In a typical good Dylan Axelrod start (if there’s any thing typical about it) he skirts through the batting order once, accumulating outs in a non-descript manner and floating into the third or fourth before anyone has time to do a double take at the sight of Dylan Axelrod retiring major league hitters. Multiple trips through the batting order can give the effect of Wile E. Coyote looking down, but there’s enough forward momentum to get him into the sixth inning. Hopefully the Sox score 18 runs and make all the decisions easier.

This–Thursday night in Washington–was not a good Dylan Axelrod start (3.2 IP, 7 H, 6 ER, 4 BB, 2K). This was a night where it was readily apparent that the Sox were trying to sneak in a fill-in from the second batter on, and failed to the tune of a 7-4 pounding at the hands of the Nationals. Axelrod lacked the command to earn chases on his sliders away, which raised a spotlight on his nibbling and spent far too much time working up in the zone with his 88 mph heat to avoid punishment.

His pitch account ballooned to 40 after one inning, was nearly to 100 by the middle of the fourth when he needed one good pitch to Ryan Zimmerman to keep the deficit at 4-3. Instead, Axelrod floated a flat breaking ball up in the zone that Zimmerman laced into right-field to score Jayson Werth, and the intentionally walked Bryce Harper, making it 6-3 Nats.

It was the last significant hit of a game.
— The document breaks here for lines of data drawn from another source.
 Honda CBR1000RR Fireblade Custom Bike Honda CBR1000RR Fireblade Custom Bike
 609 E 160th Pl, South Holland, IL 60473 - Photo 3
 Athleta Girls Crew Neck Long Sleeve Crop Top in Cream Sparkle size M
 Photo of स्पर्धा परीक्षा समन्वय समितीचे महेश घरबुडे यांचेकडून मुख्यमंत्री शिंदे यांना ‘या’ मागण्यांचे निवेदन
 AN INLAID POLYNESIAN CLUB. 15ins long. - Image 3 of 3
Dan Haren is still a scary name, but had few traces of his 2011 form Thursday. The White Sox pushed a runner to second base in every one of Haren’s five innings, but went a rousing 2-10 in those opportunities against Haren. After Conor Gillaspie (2-4, 2B, R, K) doubled Paul Konerko (2-4, R, K) over to third base in the second inning, only a Tyler Flowers (0-4, RBI, K) groundout was employed to drive a run home. When Alex Rios (2-4, 2 2B, BB, K) followed up a Jeff Keppinger (2-5, RBI) single by doubling him to third base, they were both stranded by strikeouts from Adam Dunn (1-5, 2B, RBI, K) and Alexei Ramirez (1-5, 2B, 2K).
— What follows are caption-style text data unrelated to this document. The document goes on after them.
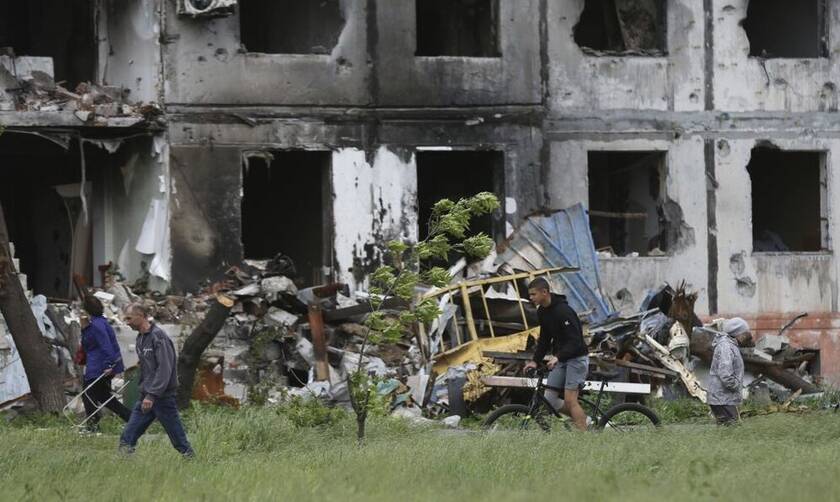 Μαριούπολη: «Εντοπίσαμε 200 πτώματα σε ερείπια πολυκατοικία», λένε οι Ουκρανοί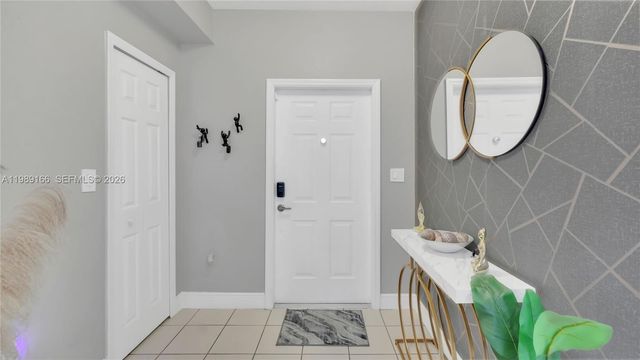 2342 SE 10th St ., Homestead, FL 33035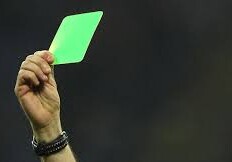 В итальянском чемпионате футболистам будут показывать зеленые карточки
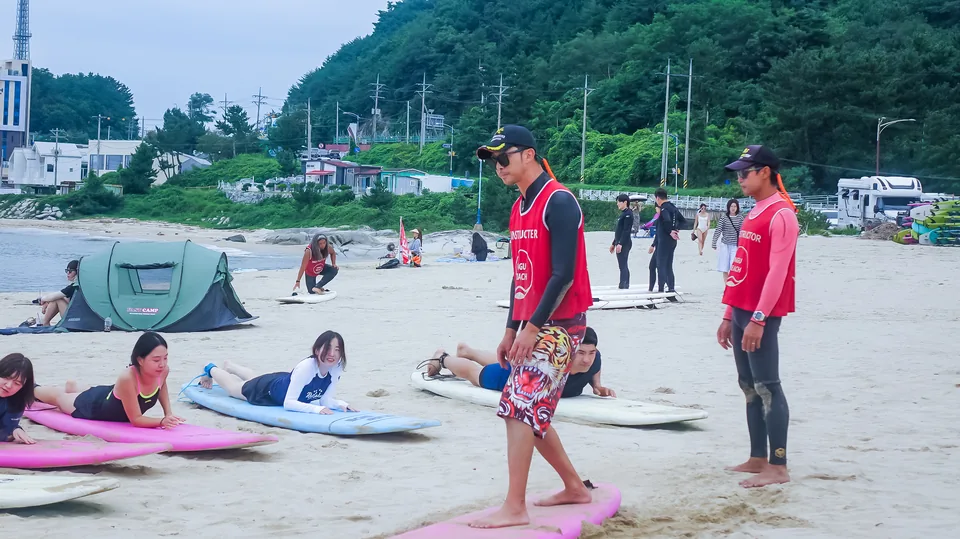 인구해변 모래사장 서핑 강습 장면 16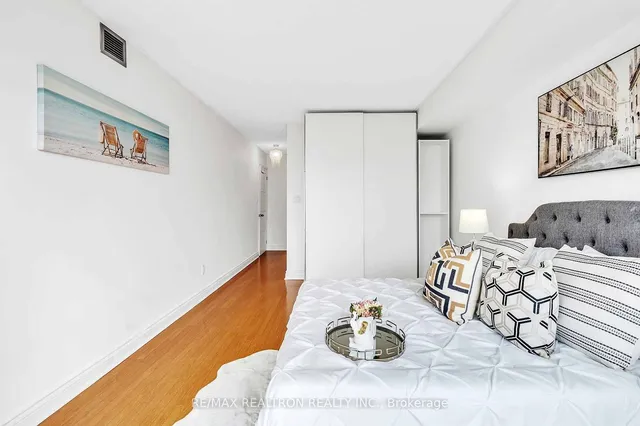 Additional image 18 of 2267 Lake Shore Blvd Unit 411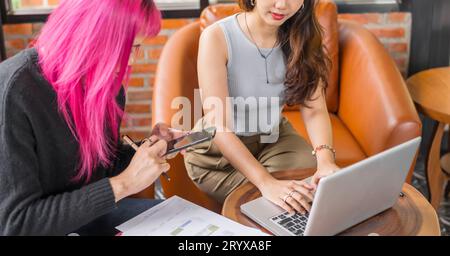 Uomo transgender LGBTQ+ bellissimo e autentico SpecialistÂ con capelli rosa e trans non binari che lavorano insieme Working Design in cr Foto Stock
“Timely hitting” is a phrase that’s beaten to death during every win that features less than five home runs, but it’s safe to conclude it was absent in a contest where the Sox were held to four runs on 13 hits. Even the fun of Adam Dunn’s sixth inning opposite field RBI double off the wall was sapped when Ryan Matheus froze Paul Konerko with a 3-2 slider to strand Alex Rios at third along with Dunn.

Really, the problem is that Dunn’s double didn’t clear the wall. A dinger removes the need for all this silly clutch-hitting and without the warm embrace of these sweet moonshots the White Sox are enveloped in sadness when they cannot escape. They will leave Washington having not received a single quality start  and with a losing record.